Instructions for the task
Starting at the line that contains "265: Nike Huarache Run (GS)", return each line exactly as written until the listing below ends, and return no other line.

[Source data]

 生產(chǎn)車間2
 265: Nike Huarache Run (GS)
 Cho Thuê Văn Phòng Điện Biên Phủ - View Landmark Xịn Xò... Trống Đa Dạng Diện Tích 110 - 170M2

[/Source data]

Output
 265: Nike Huarache Run (GS)
 Cho Thuê Văn Phòng Điện Biên Phủ - View Landmark Xịn Xò... Trống Đa Dạng Diện Tích 110 - 170M2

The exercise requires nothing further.